HARRISBURG, PA – Nov. 29, 2007 — Secretary of Banking Steve Kaplan says Pennsylvania lawmakers need to pass stronger laws to protect home borrowers from abusive lending practices that are causing families to lose their homes to foreclosure and threatening the economy.
“The mortgage industry has changed in several important and troubling ways,” said Kaplan. “Too many people are getting, and at times being lured into, loans they simply cannot afford to repay. I urge the General Assembly to give the banking department the tools it needs to bring transparency back to the mortgage business.”
Kaplan testified today at a House Intergovernmental Affairs hearing on House Resolution 415, which would call on Congress to “freeze” all existing home mortgages and declare a moratorium on foreclosures. Kaplan warned that any federal action should not preclude Pennsylvania from taking stronger steps of its own.

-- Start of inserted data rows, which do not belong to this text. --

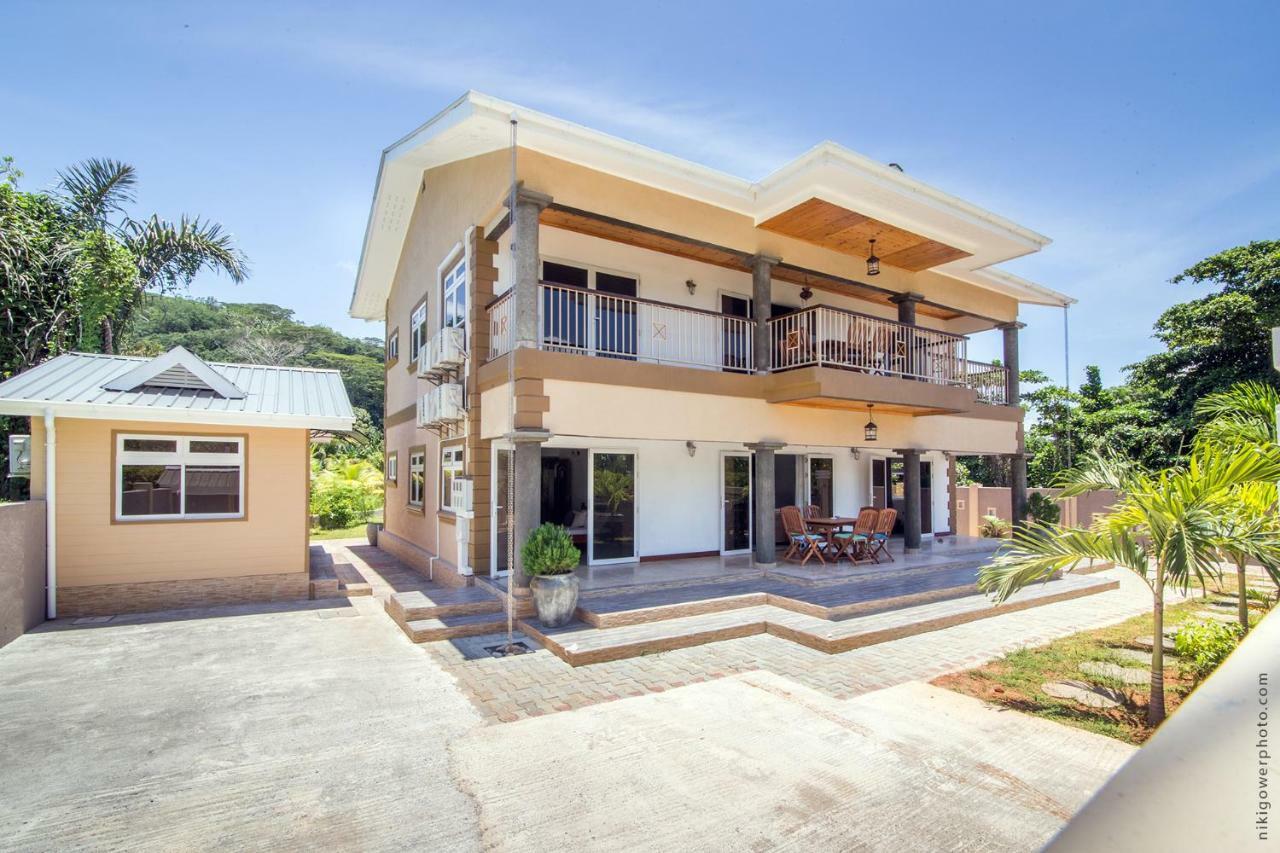 Flora'S Self Catering Apartments Victoria Bagian luar foto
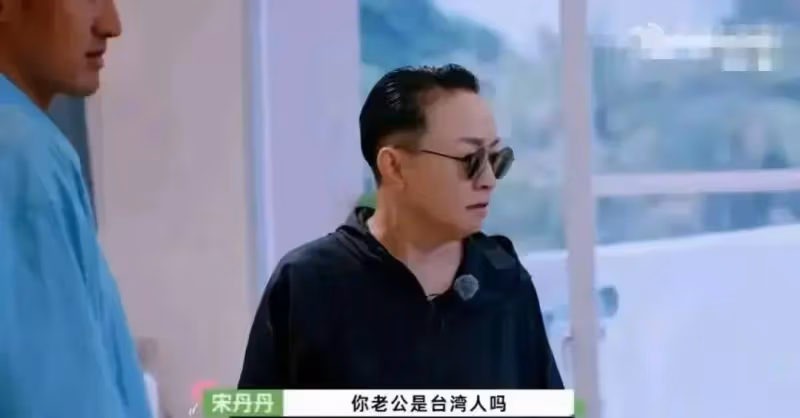 陳妍希帶6歲兒子到瑞士度假,兩人玩滑板車,意外曝光了小星星的正臉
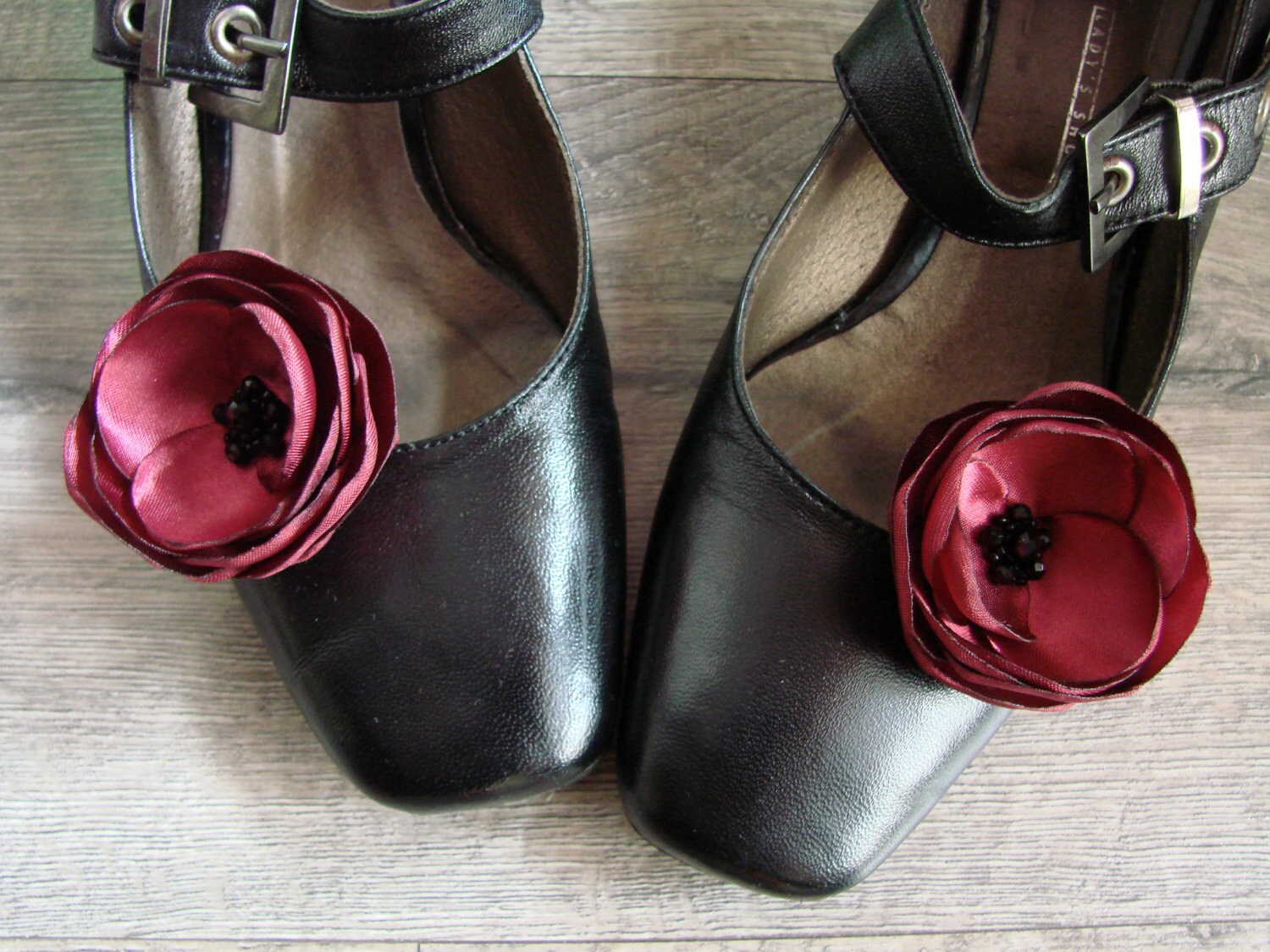 Burgund Schuhblumen Weinrot Schuhclips Schuhzubehör Braut Hochzeit Brautjungfern Blumenclips Geschenk von LiLaGarden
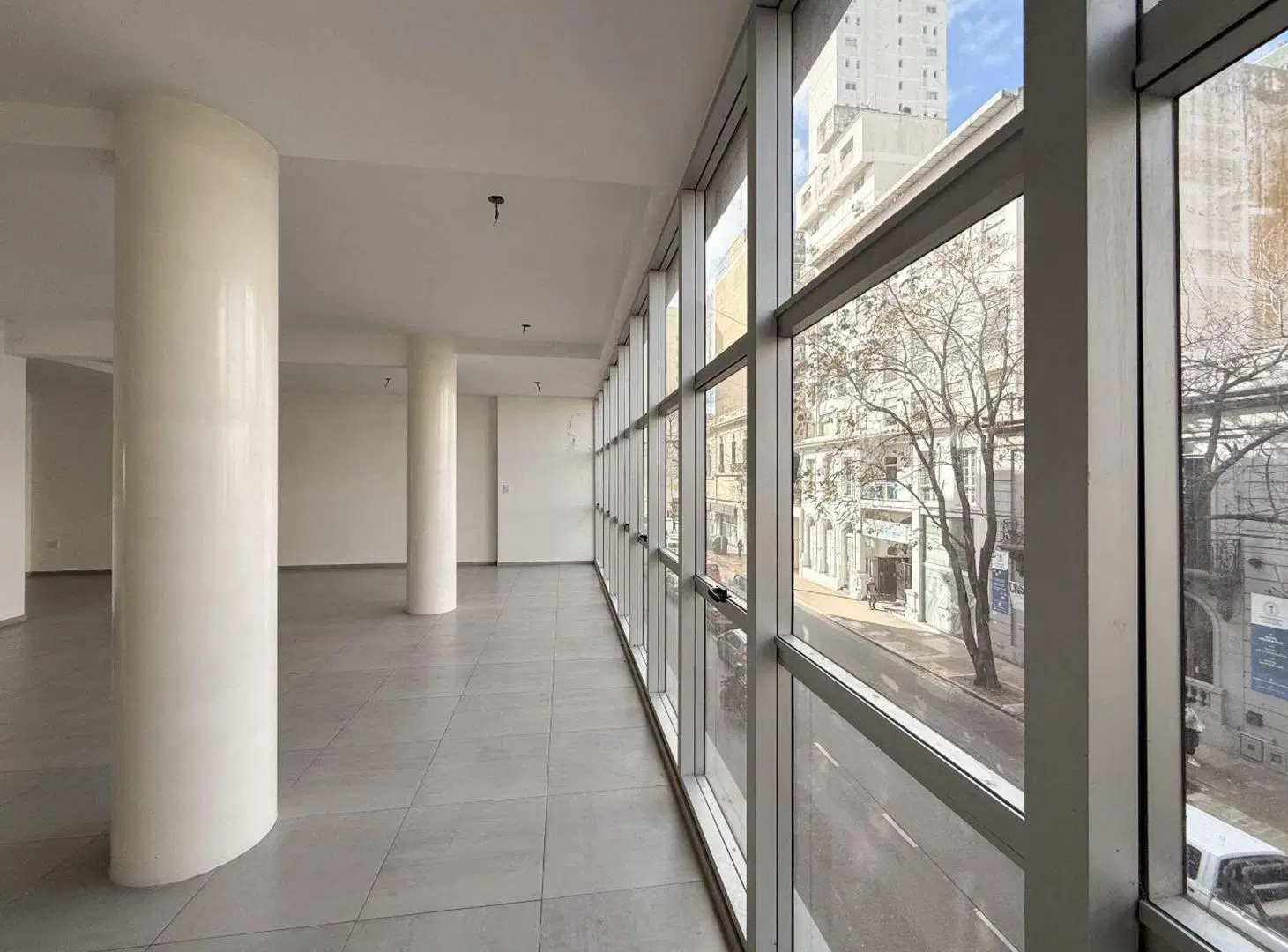 OFICINA EN VENTA EN LA PLATA 5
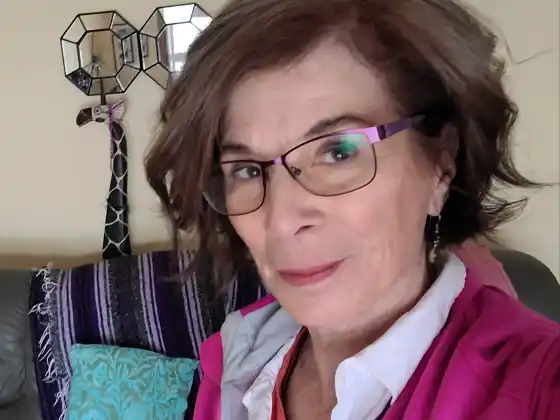 Karen Egoff,
Expert at Soulful Summit 2023: Подорож усередині, починайте!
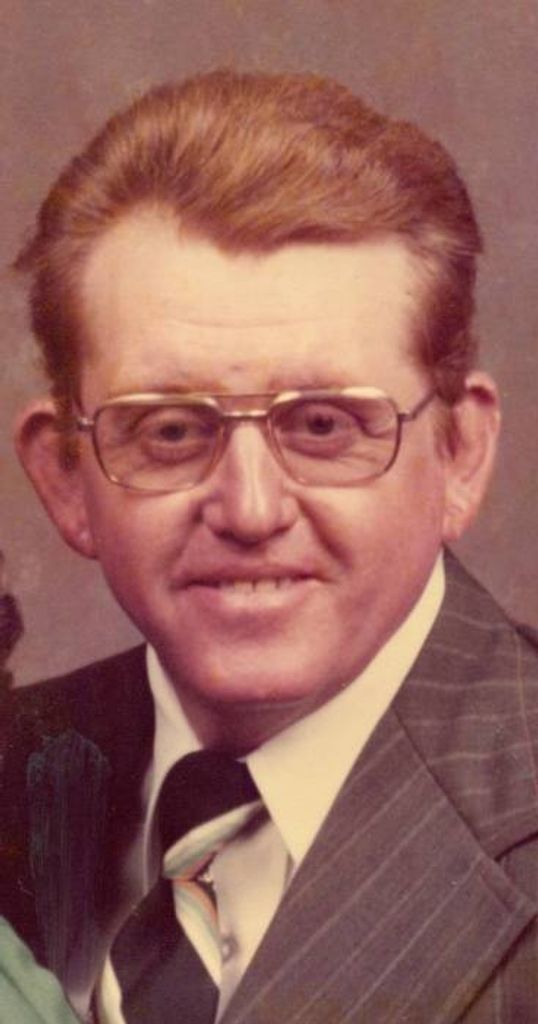 Noel    "Red" Lee Blankenship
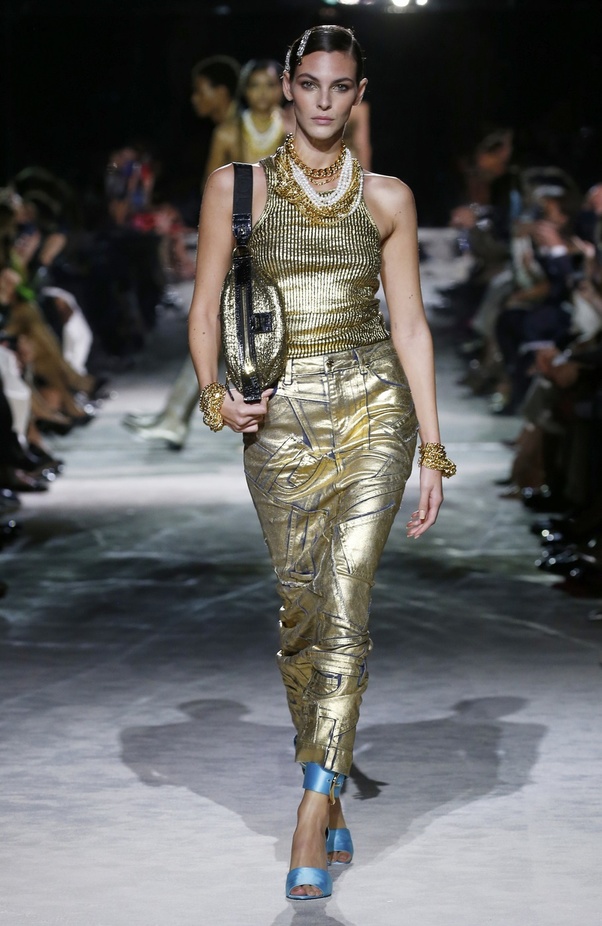 عرض أزياء Tom Ford لربيع وصيف 2022 من أسبوع الموضة في نيويورك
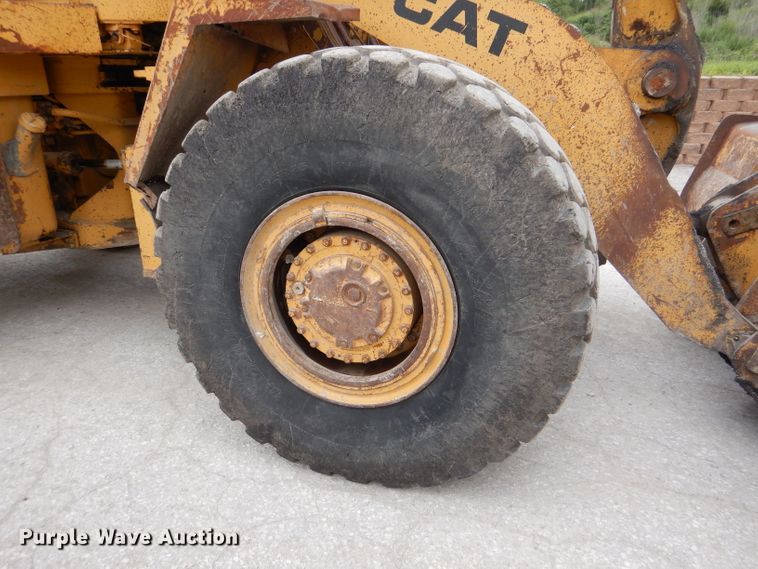image for item DL3347 1984 Caterpillar 966D  wheel loader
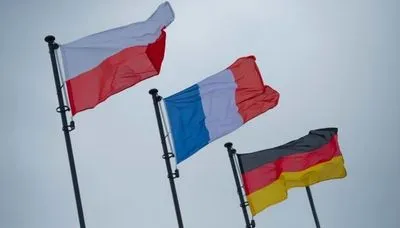 Страны Веймарского треугольника приняли декларацию, в которой призвали Россию к деэскалации вокруг Украины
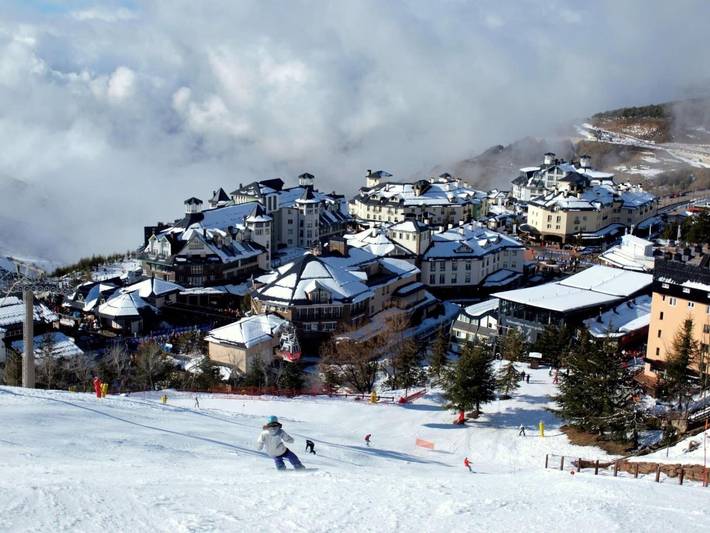Apartamento entero, Modern Studio Near the Slopes in Sierra Nevada Ski Resort, Monachil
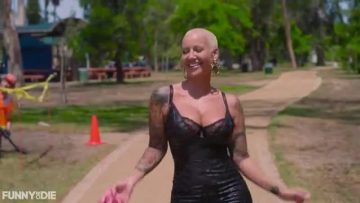 Amber-Rose-Hot-scene-Funny-or-Die.mp4 thumbnail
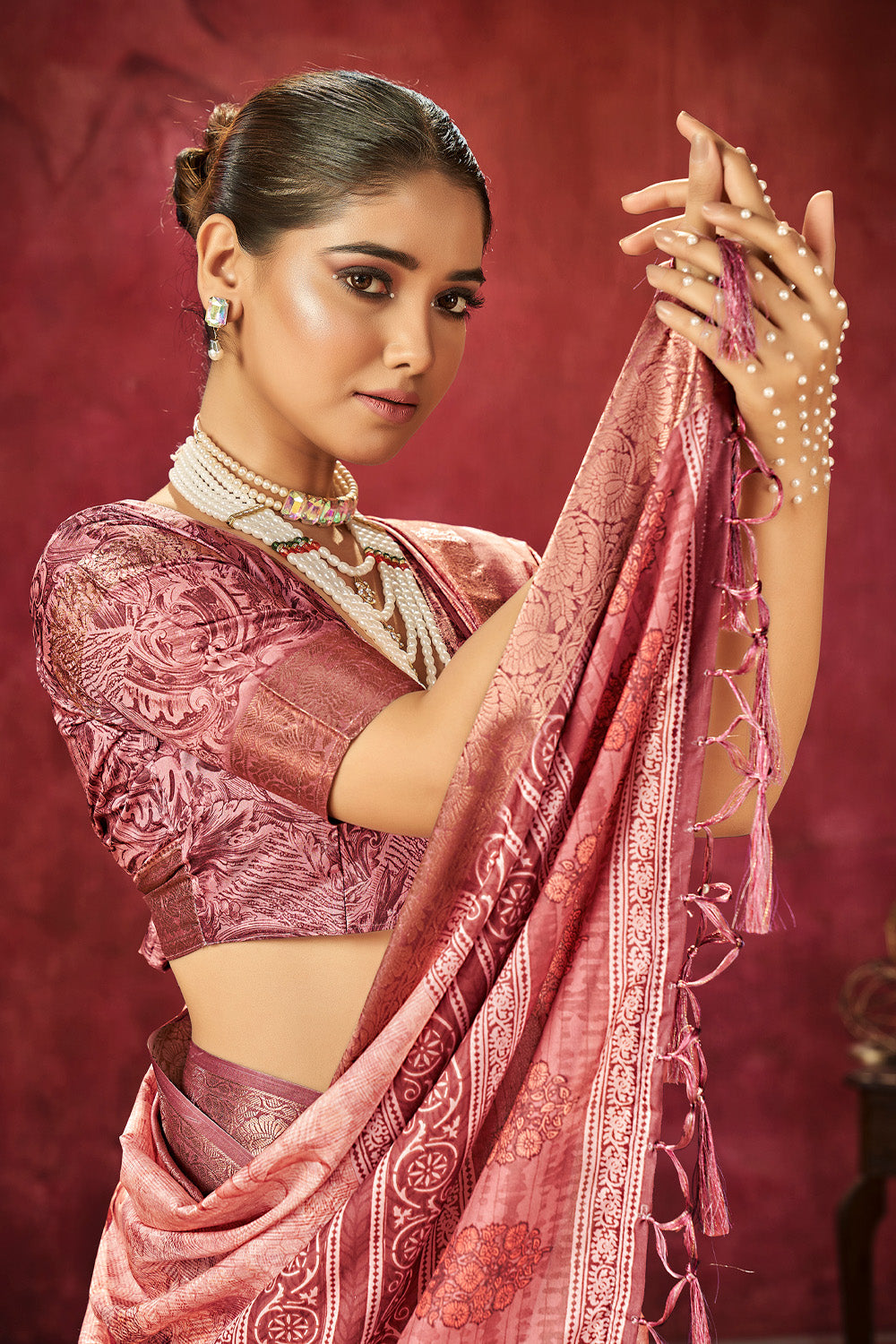 In-Sattva Women's Floral Handloom Bandhni Dola Silk Saree; Glorious Pink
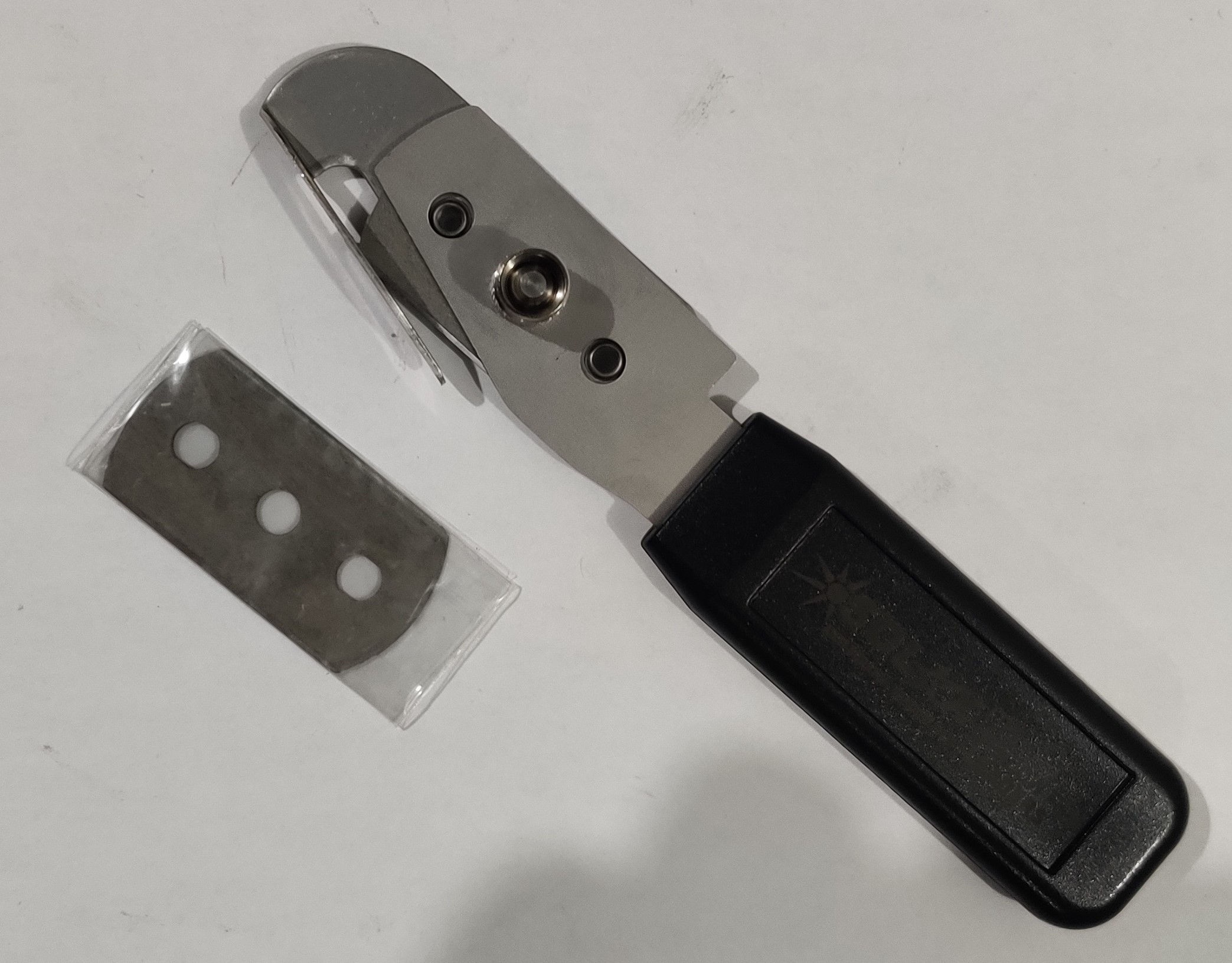 Vinyl Body Guard Knife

“We want to make sure that the federal standards are minimum standards so that states still have the authority to add protections that we believe are necessary to safeguard consumers in Pennsylvania,” said Kaplan.
The Department of Banking is pressing for legislation that would strengthen licensing and education requirements for mortgage lenders and brokers; allow the department to more quickly notify the public about fines and other actions against companies; and protect more borrowers under the state interest law. The department also is backing legislation to improve oversight of real estate appraisers and to require mortgage companies to notify the state when they intend to foreclose on a property.
The six bills (Senate bills 483, 484, 485, 486, 487, 488 and House bills 1079, 1080, 1081, 1082, 1083, 1084) were introduced earlier this year and key components are currently under consideration in the Senate Banking and Insurance and House Commerce committees.
Kaplan noted that the banking department is also pursuing a new regulation to require mortgage companies to more clearly disclose certain loan features such as prepayment penalties, variable interest rates or balloon payments and to better verify a mortgage applicant’s ability to repay the loan, given all of its terms and conditions. The regulation is currently under review by the state’s Independent Regulatory Review Commission.